Next month’s release highlights from the Naxos Music Group include John Corigliano’s Complete Solo Piano Music, the world premiere of Adolphe Adam’s opera Orfa; Valérie Lesort’s staging of Jacques Offenbach’s opera La Périchole; Springtime in Amsterdam – a musical film by Christof Loy; the latest addition to the ‘Music of Brazil’ series featuring music by José Antônio de Almeida Prado; Vol. 8 in our Haydn Piano Trios series presented by the Aquinas Piano Trio; the 1888 version of Bruckner’s Fourth Symphony; Jean-Baptiste Lully’s opera Acis et Galatée directed by Benjamin Lazar; the world premiere recording of Saverio Mercadante’s Messa solenne; Grażyna Bacewicz’s rarely recorded works, new production of Handel’s greatest oratorio Theodora; Parts 1-3 of Shakespeare’s Henry VI presented by the Royal Shakespeare Company; the first and only recording of Eugen Engel’s opera Grete Minde; new digital remastering of Beethoven’s Piano Concertos Nos. 2 and 3 featuring Friedrich Wührer; and more. Klaus Heymann, founding chairman of Naxos, puts the spotlight on his personal picks.
American composer John Corigliano’s prolific output has been rewarded with recognition and popularity throughout the Western world, inspiring acclaim from leading musicians such as Leonard Bernstein, who considered him ‘one of the most talented composers I know’. This new album of his complete works for solo piano features both his Piano Concerto and a set of pieces for piano alone, adding to a growing Naxos discography that has surely contributed to his growing profile worldwide. The concerto turns between lyricism and atonality, virtuosity and theatricality; the solo works are built variously on minimalism (Fantasia on an Ostinato), improvisatory qualities (Winging It) and the soul of Rachmaninov (Prelude for Paul). British pianist Philip Edward Fisher is recognised as a performer of exceptional versatility, while conductor David Alan Miller’s Naxos recordings with the Albany Symphony Orchestra have become a byword for quality performances of exciting repertoire, not least contemporary works.
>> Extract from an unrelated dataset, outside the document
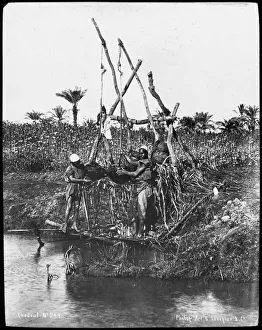 Shaduf Prints: A shaduf on the Nile, Egypt, c1890. Artist: G Lekegian
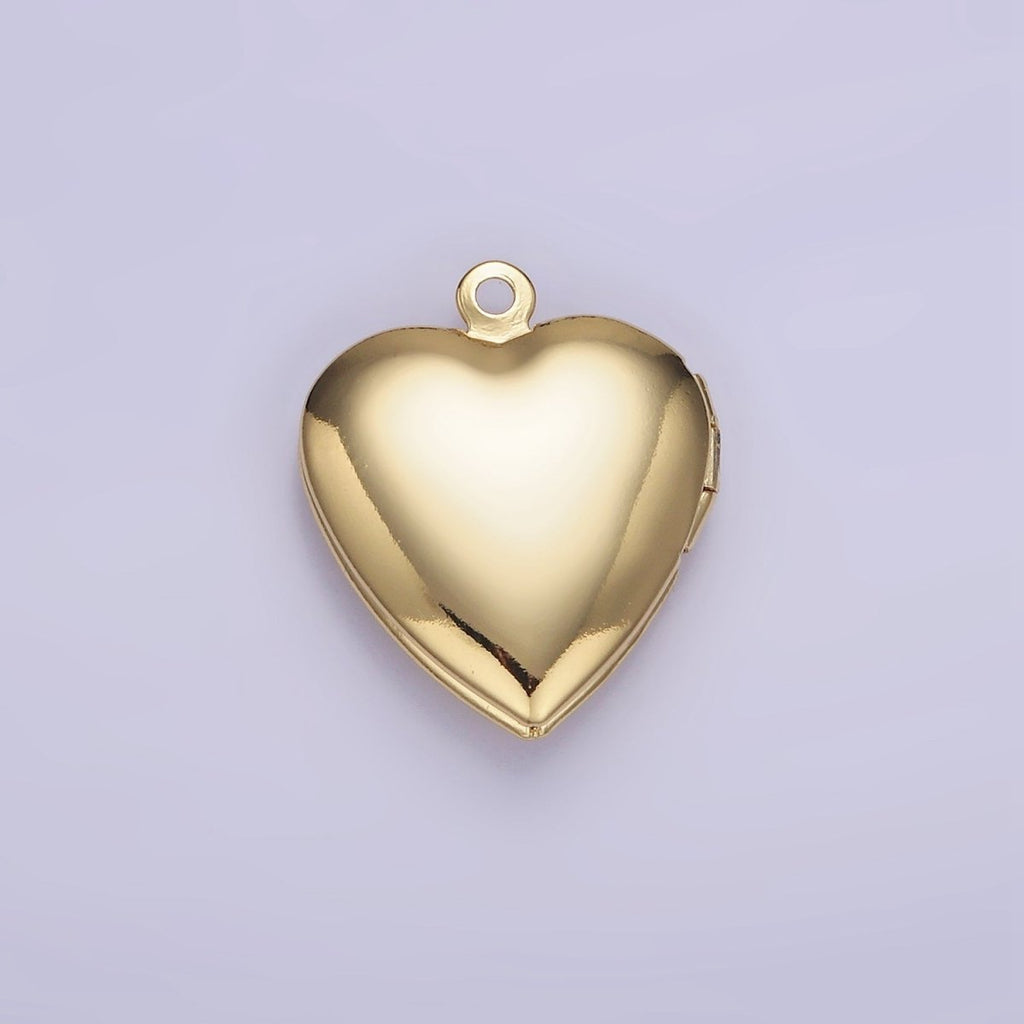 14K Gold plated Geometric Rhombus Indent Heart Locket Charm in Gold & Silver | D410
I’m pleased to present another album featuring conductor Dario Salvi, who maintains a strong presence in our catalogue through a range of albums featuring composers such as Meyerbeer, Humperdinck, Auber, Bronsart, Suppé and Marschner. This latest is the world premiere recording of Adolphe Adam’s penultimate ballet, Orfa. The work’s scenario is based on Nordic mythology and reflects archetypal Romantic elements that were typical of the Paris Opéra when it was first performed there in 1852. Uniquely, this performance uses a new edition of the work copied from Adam’s original manuscript score held at the Bibliothèque nationale de France. I have every confidence that Dario will again favourably impress the critics, as he has done repeatedly to date: ‘Dario Salvi conducts with unreserved energy that makes the music catch fire.’ (Classical Music Daily on Suppé’s Mozart incidental music, 8.574383)
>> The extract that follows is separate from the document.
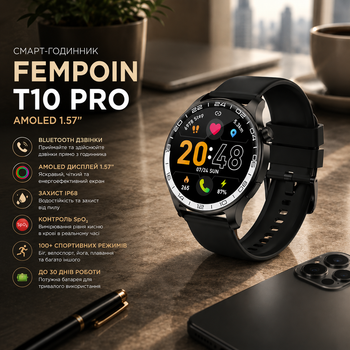 Смарт-годинник Fempoin T10 Pro Black AMOLED 1.57", Bluetooth дзвінки, IP68, SpO2, 100+ спортивних режимів, до 30 днів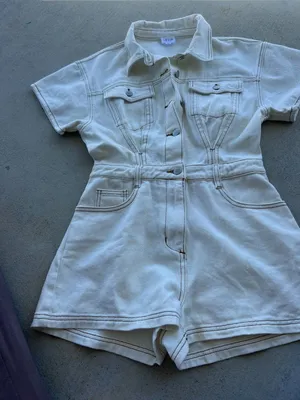 LELIS‎ Collection Off White Denim Romper Utility Belted Women’s Size S thumbnail 4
This audiovisual release provides a perfect opportunity to unwind with the wonderful score Offenbach created for Périchole, his light-hearted opéra-bouffe. La Perricholi – in reality, Micaela Villegas – was Lima’s leading theatrical lady in the 1770s when Peru was a Spanish colony. Her life was fictionalised in a one-act play by Prosper Mérimée that was re-fashioned to produce a libretto on which Offenbach based his opéra-bouffe. The work reflects the creative mania in Paris at the time for Spanish life and art in music that features vivacious rhythms, boleros, seguidillas and rich arias. The strong cast is under the baton of Julien Leroy; the stage director is Valérie Lesor, whose 2015 adaptation of Jules Verne's novel Twenty Thousand Leagues Under the Sea at the Comédie-Française won both the Molière Award for visual creation and the Critics’ Prize.
Also available in Blu-ray Video (NBD0168V)
Springtime in Amsterdam is a joyful musical feature film created by stage director Christof Loy, world renowned for his work in international opera houses. His meticulously crafted productions have earned him numerous awards, including Director of the Year several times by Opernwelt magazine. This high-definition production relates how a group of four people meet accidentally in Amsterdam and experience a series of confusions that must be resolved in 48 hours. The richly varied score includes Viennese operetta, Dutch and French chansons, and songs from the Great American Songbook, featuring composers such as Franz Lehár, Jerome Kern and Jacques Brel. It's performed by a quality cast of actor/singers, all with established international opera careers, including Annette Dasch, Thomas Oliemans and Norman Reinhardt. The conductor is Marko Letonja, whose recent recording Baritenor, with vocalist Michael Spyres, was chosen as one of the top 10 classical albums of 2021 by The Times and won the 2022 Gramophone Award for Vocal Album of the Year.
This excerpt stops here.